Background and objective: The majority of studies investigating penetration of laser light are performed in vitro on skin flaps, with measures of immediate penetration depth and energy loss. The aim of this study was to investigate the penetration time profiles for two different lasers used in low-level laser therapy, during 150 sec of exposure both in stretched and relaxed human Achilles in situ.
Materials and methods: Thirty-four Achilles tendons from 17 healthy volunteers were irradiated by an 810 nm, 200 mW, continuous- and a 904 nm, 60 mW, super-pulsed laser. Irradiation was performed with the Achilles tendons in relaxed and stretched condition. The energy penetrating skin-skin was measured every 30 sec using an optical power meter.

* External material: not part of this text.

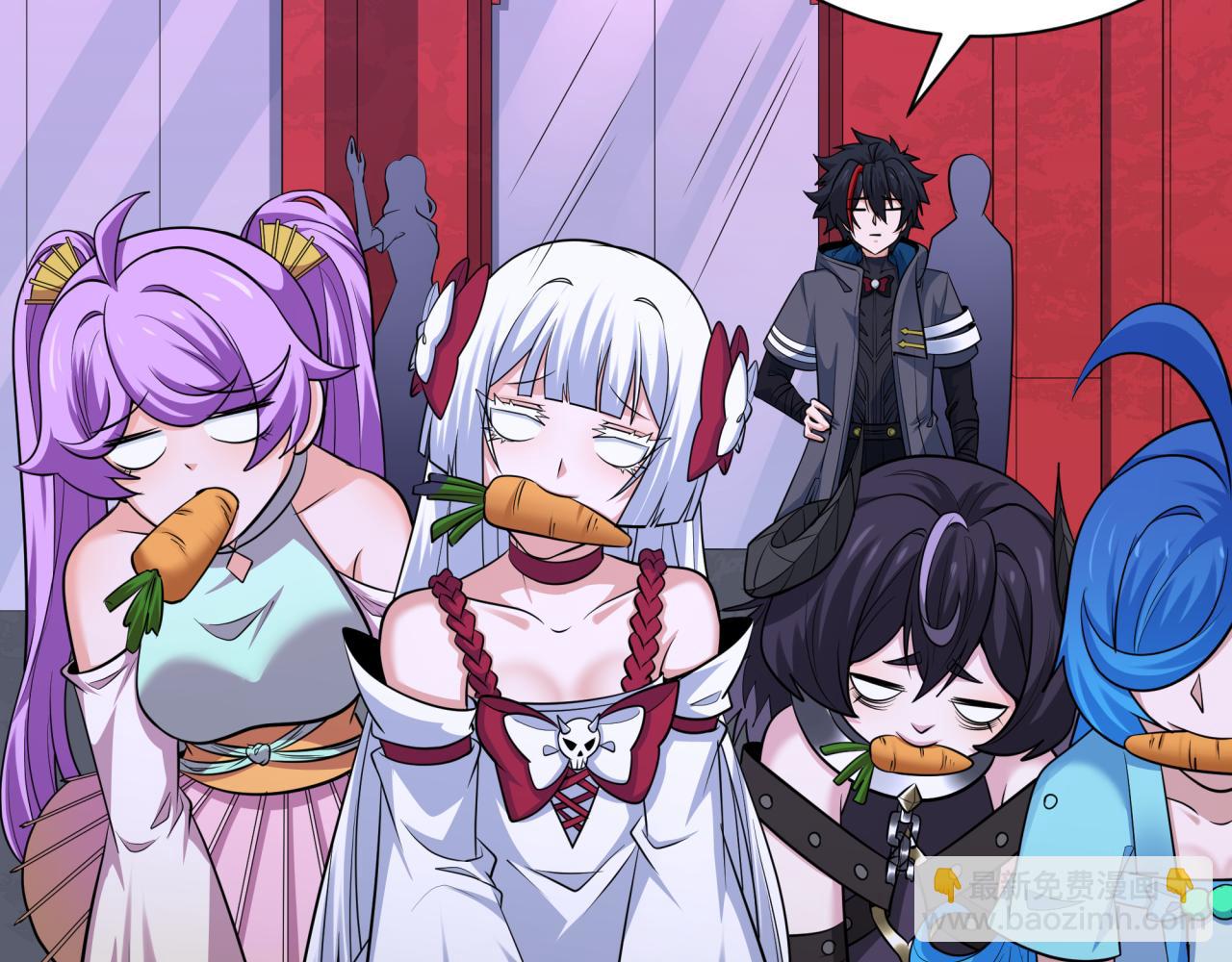 全球詭異時代 - 第341話 高麗篇-愛樂之城！(2/4) - 5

Results: The 810 nm laser penetration ability did not differ significantly in relaxed and stretched condition with 0.17% [standard error of the mean (SEM) 0.02] of mean output power (MOP) and 0.02% (SEM 0.004) of MOP, respectively. The 904 nm laser demonstrated a statistical significant (p < 0.05) and almost linear increasing penetration ability both in relaxed and stretched Achilles from 0.25% (SEM 0.03) to 0.38% (SEM 0.04) of MOP and from 0.05% (SEM 0.01) to 0.13% (SEM 0.01) of MOP, respectively. The penetrated ability differed between lasers and tissue conditions at all measure points (p < 0.05).
Conclusions: The 904 nm laser penetrates relatively more energy than the 810 nm laser in in situ human Achilles. Moreover, penetration from the super-pulsed 904 nm laser increased during exposure time, whereas penetration from the 810 nm laser was constant. In addition, stretching the Achilles causes a higher energy attenuation by the tissue.
Keywords: Achilles; LLLT; energy; human tissue; in situ; laser; low-level laser therapy; penetration; real-timed ultrasonography; tendon thickness; time profile.